Election promises on Housing and Stamp Duty

 

Fianna Fail

• Abolish stamp duty for first-time buyers and make it retrospective to 30 April 2007.
• Increase mortgage interest relief for first-time buyers and recent buyers to €10,000 for singles and €20,000 for couples or widowed persons from January 2008.
• Expand delivery of social and affordable housing to meet needs of 90,000 families.  
• Achieve a fall in numbers of homeless.  
•  Extend remit of the Affordable Homes Partnership nationwide.  
•  Regenerate problem estates through Sustainable Communities Fund.

 

Fine Gael  / Labour

• Raise the stamp-duty exemption limit for first-time buyers of second-hand homes to €450,000.
• Simplify stamp-duty rates by reducing the number of rates from seven to three.
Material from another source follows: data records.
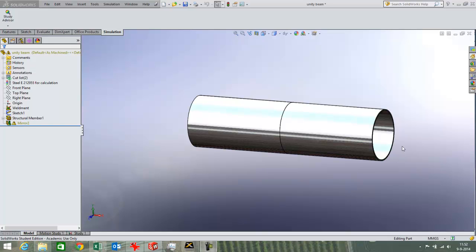In this recording I am going to talk about the accuracy of SOLIDWORKS for a beam calculation while trying to compare it to theoretical results.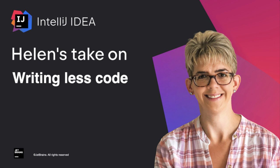Okay, welcome to a new Helen's Take On video. I've had a little bit of a break but I'm back now and I'm eager to get started. So what I would like to take you through today is how you can write less code, or rather how you can get IntelliJ IDEA to write some code for you so you don't have to.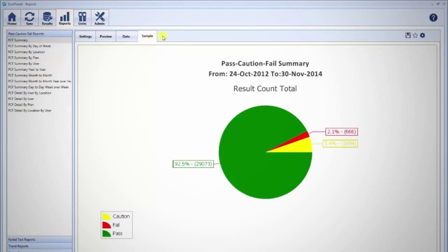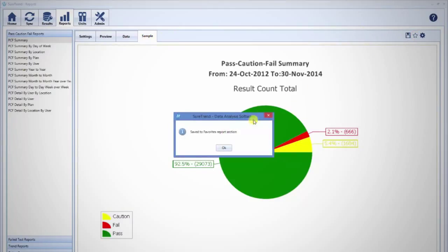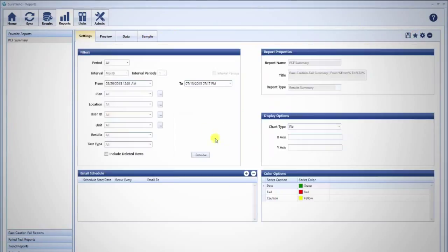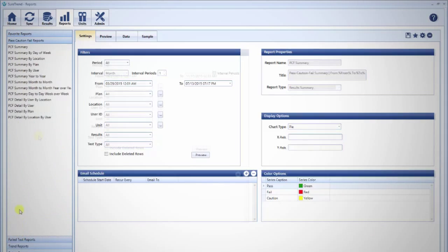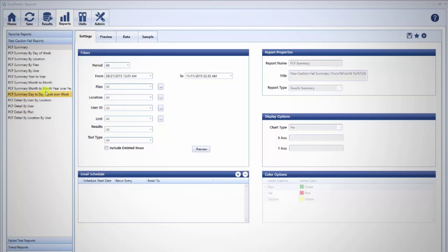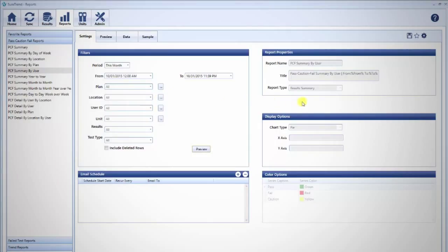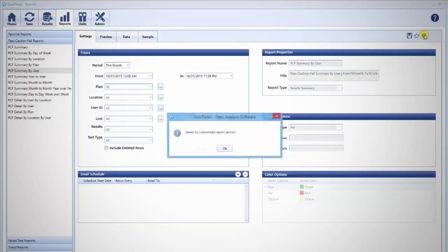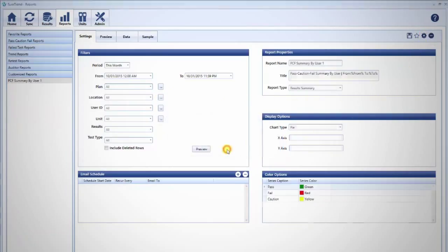Star your favorite reports to save a shortcut to the report in your favorite reports section. If you find a report that is almost perfect but want to make adjustments, click the Customize icon. This will save a copy of the report to the Customize Reports section.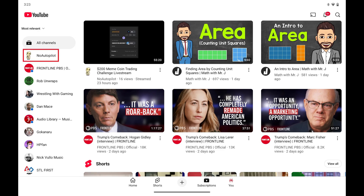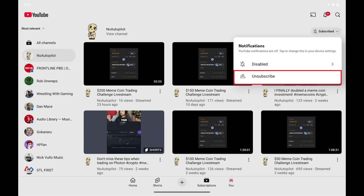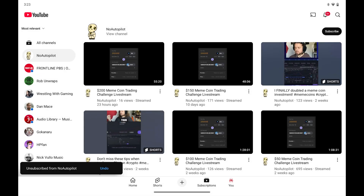Step 3: Tap the YouTube channel you want to unsubscribe from. Information associated with that channel is shown on the screen. Step 4: Tap the Subscribed button to open a menu, and then tap Unsubscribe in that menu. You'll be unsubscribed from that YouTube channel immediately.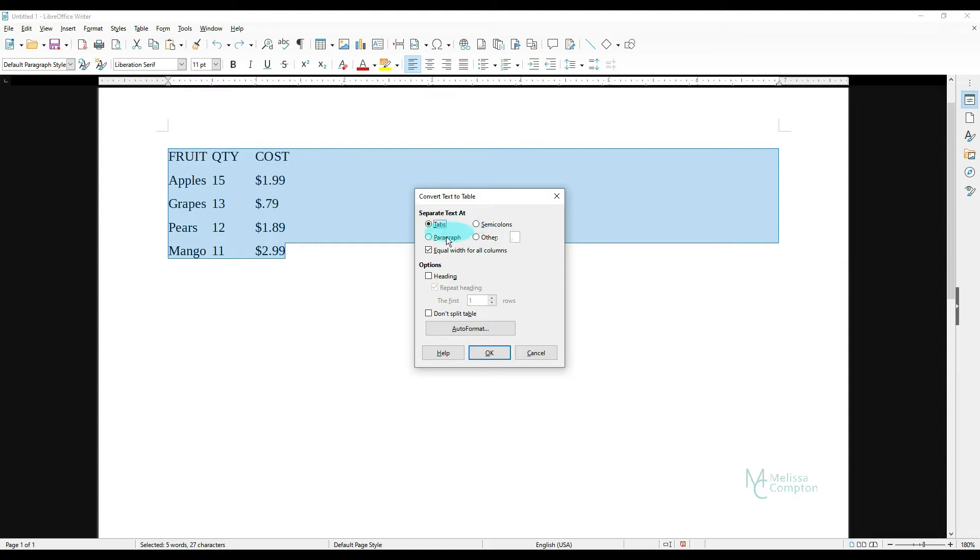The next thing we see is Equal Width for All Columns. You can uncheck this if you want to, but I tend to leave it checked because that way I don't have to constantly move the columns as I add things. I'd rather wait till I get everything added and then take them back down.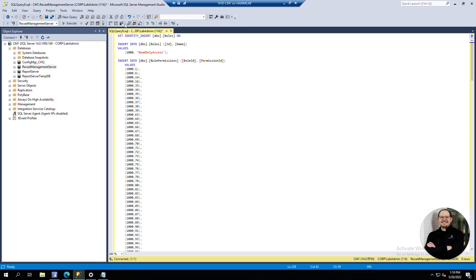The second row here is creating a new role called read-only access with an ID of 1000, and then just below that it's assigning all the different permissions to that role.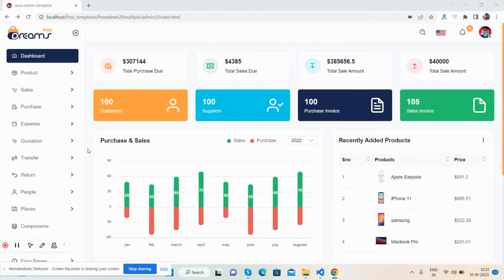Hello friends, welcome back to my channel Free Templates. In this video I'm going to show you the beautiful inventory dashboard template, totally free, responsive, Bootstrap 5. Before showing you the working demo and talking about the code, please watch the video till the end and please subscribe to my channel for the latest admin dashboard updates.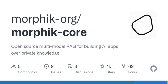Welcome to the podcast, everyone. Today, we're diving into a fascinating topic: open source technology and its role in building AI applications that respect and utilize private knowledge. So stick around as we unravel this complex yet exciting subject.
The new rates will be zero per cent, five per cent and nine per cent.
• Make stamp duty fairer so that you only pay the higher rate on the portion of the price over each threshold and not on the entire purchase price. Under Fine Gael's proposals, the first €100,000 is zero rated, the next €350,000 is paid at five per cent and the balance is charged at nine per cent.

 

Labour (solely)

• 10,000 social-housing units.
• A new “Begin to Buy” purchase option. Will enable people to start purchasing a home when in full-time employment, allowing them to increase equity in the home as incomes increase.
• 6,000 affordable homes each year.
• Compulsory purchase of bulding land in “affordability black-spots”.
• No surplus state-owned land, which is intended for housing, to be sold into the private market.

 

Greens

• Relief on stamp duty should be extended for older persons who are ‘downsizing' and for first-time buyers.
• Give pre-emption rights to local authorities to purchase property at point of sale and make more active use of existing compulsory-purchase powers.
• Progressively limit the amount of money that lending institutions can lend for house purchase.
• 10,000 social-housing units per year until the waiting lists are clear. 

 

Sinn Fein 

• A National Housing Strategy and a National Housing Agency to provide housing with a target of supplying suitable accommodation within two years for 70 per cent of applicants on the waiting lists.
• An increase in capital-gains tax on speculative owners of multiple dwellings, introduced over two years. • A statutory ceiling on the price of land zoned for housing.
 • Compulsory purchase orders on landowners sitting on land banks and derelict property.
• The creation of a Minister for Housing.
• Integrated strategy for homelessness with a target of 70 per cent reduction within two years. 

 

 PDs

• Abolish stamp duty for first-time buyers.
• Reduce the burden of stamp duty on owner-occupiers and reduce the unfairness of the current system caused by the lack of tapering relief. • No need to reduce stamp duty for professional investors.
• Make stamp duty fairer by banding rates so that owner-occupiers pay the higher rate only on the portion of the price over each threshold.
• Deliver social housing for 60,000 new households.

 

Socialist Party

• No to 40-year mortgages where people pay up to three times the cost of their home to the banks.
• Scrap stamp duty.
• End management company rip-off.
• End local authority waiting lists. An emergency state building programme to provide social housing for all who need it.